**ACTIVITY**.
Repeat the data in full and exactly. Leave the pictures out.

*** RECORDS PROVIDED Section Begins ***

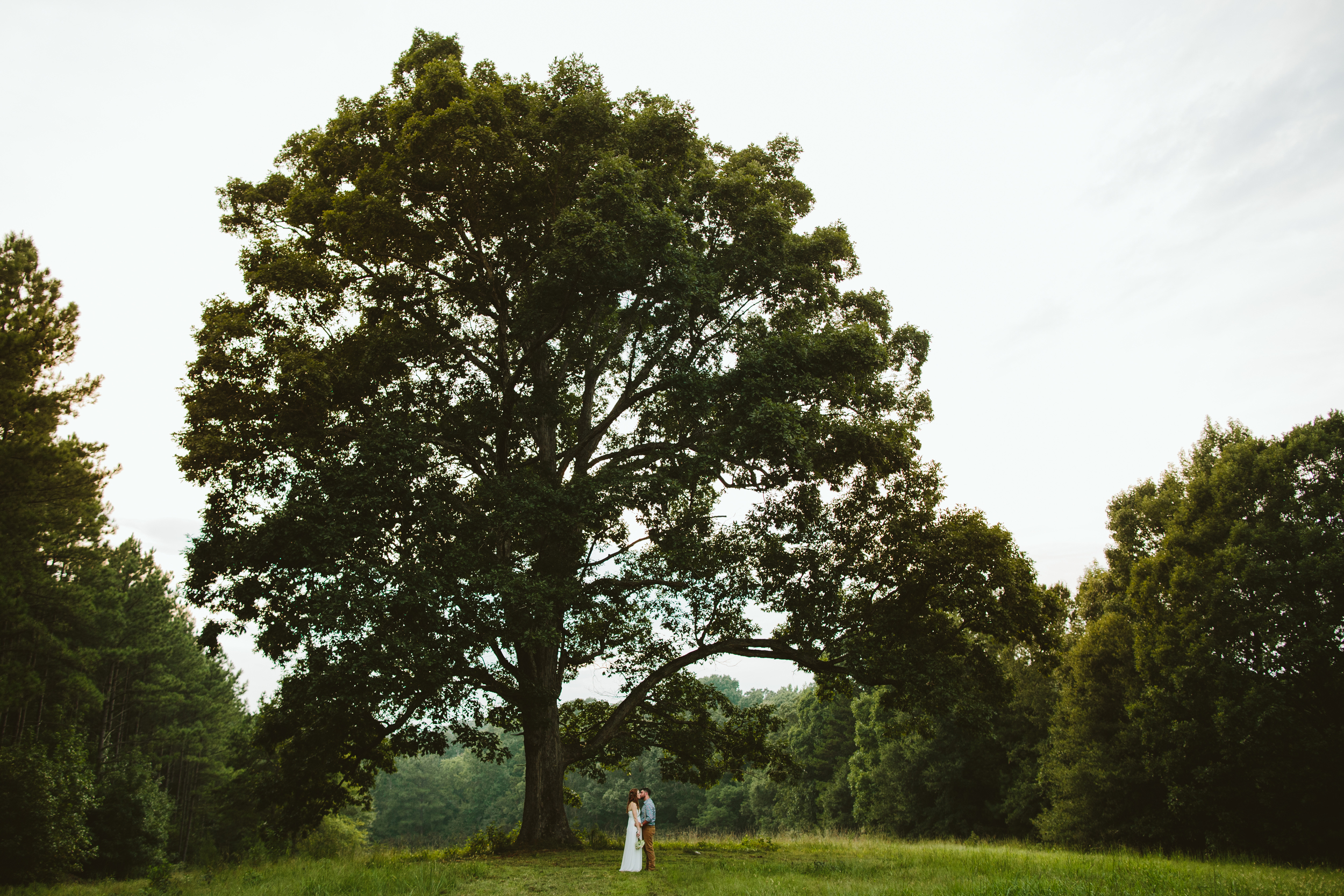 Blake Elopement - Alicia White Photography-243 copy.jpg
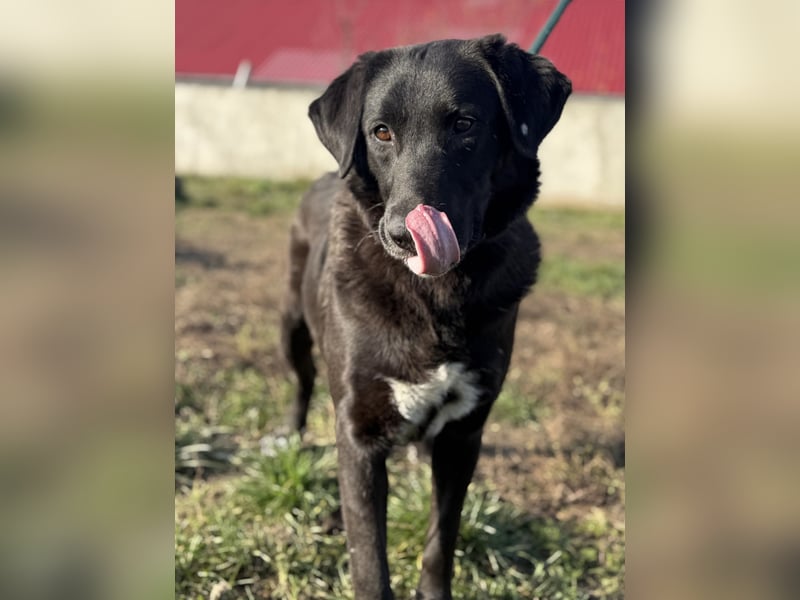 Aufgeweckte Ellie sucht ihre Familie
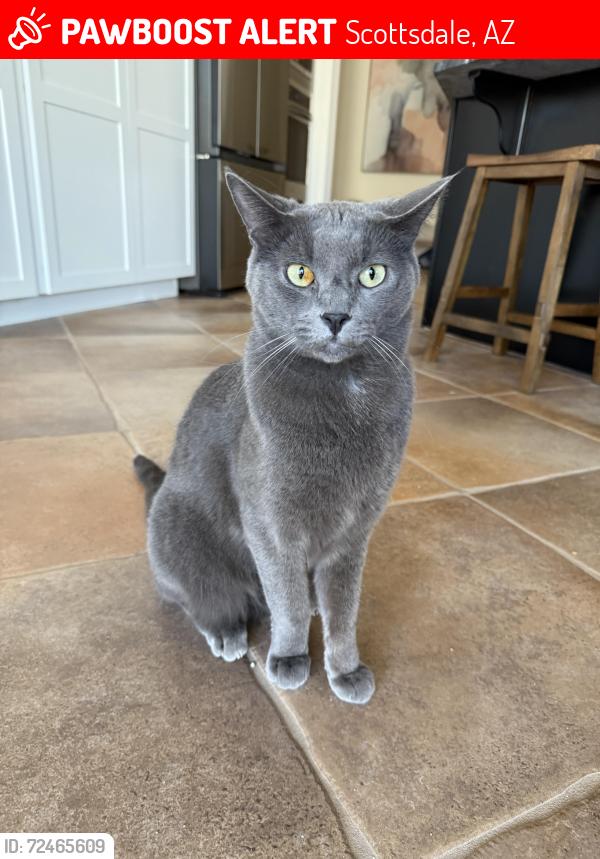 Lost Male Cat last seen Osborn Rd, Scottsdale, AZ 85251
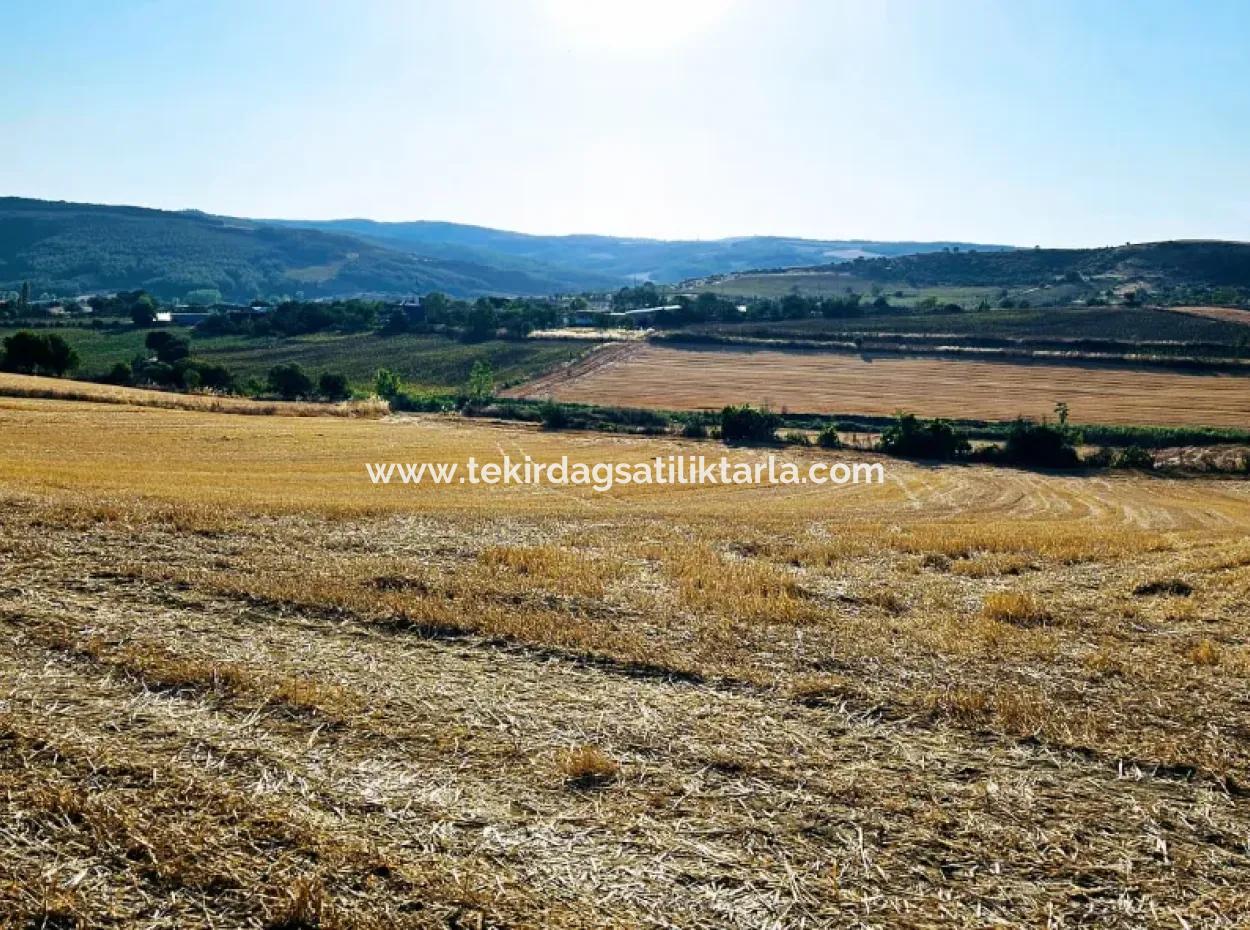 Der Hafen Von Azyaport Liegt In Der Nähe Des Bestehenden Zoning 16.100 Emergency Sale Investment Bargain Coupon-Feldes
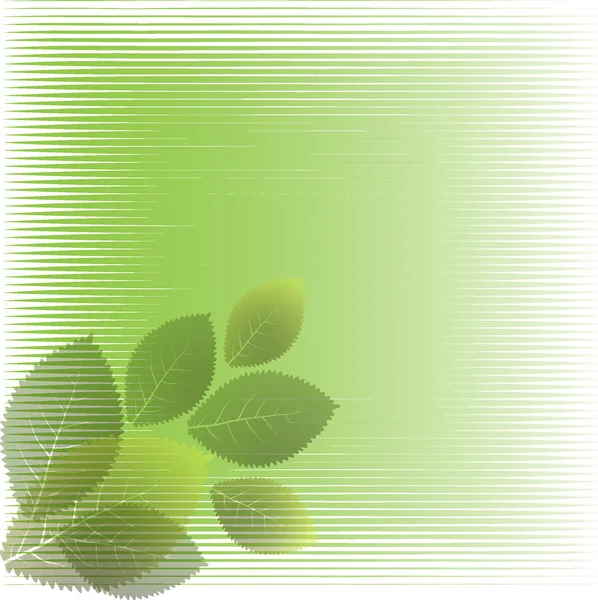 Green leaves — Stock Vector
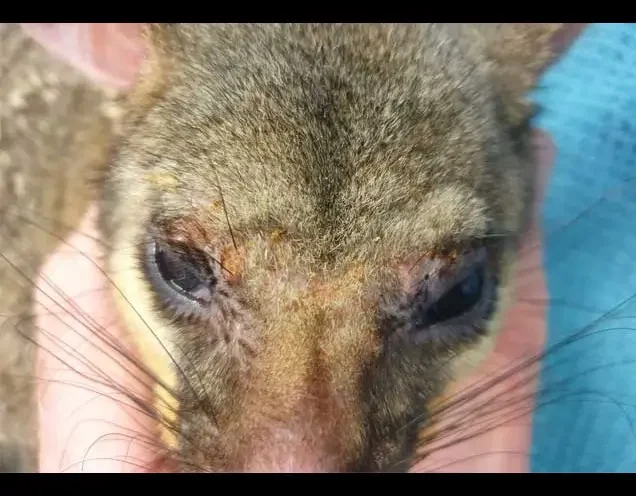 Dealing with Aggressive or Injured Possums: What Melbourne Residents Need to Know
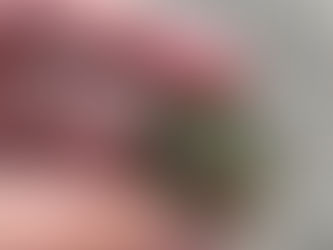 Artefact of the week series: "Élixir du Guillet" Cures Every Diseases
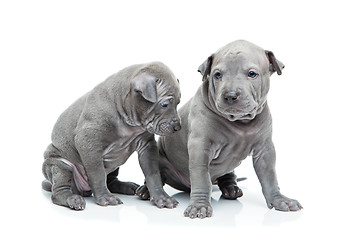 Image showing Two thai ridgeback puppies isolated on white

*** RECORDS PROVIDED Section Ends ***

**RESPONSE**.
 Blake Elopement - Alicia White Photography-243 copy.jpg
 Aufgeweckte Ellie sucht ihre Familie
 Lost Male Cat last seen Osborn Rd, Scottsdale, AZ 85251
 Der Hafen Von Azyaport Liegt In Der Nähe Des Bestehenden Zoning 16.100 Emergency Sale Investment Bargain Coupon-Feldes
 Green leaves — Stock Vector
 Dealing with Aggressive or Injured Possums: What Melbourne Residents Need to Know
 Artefact of the week series: "Élixir du Guillet" Cures Every Diseases
 Image showing Two thai ridgeback puppies isolated on white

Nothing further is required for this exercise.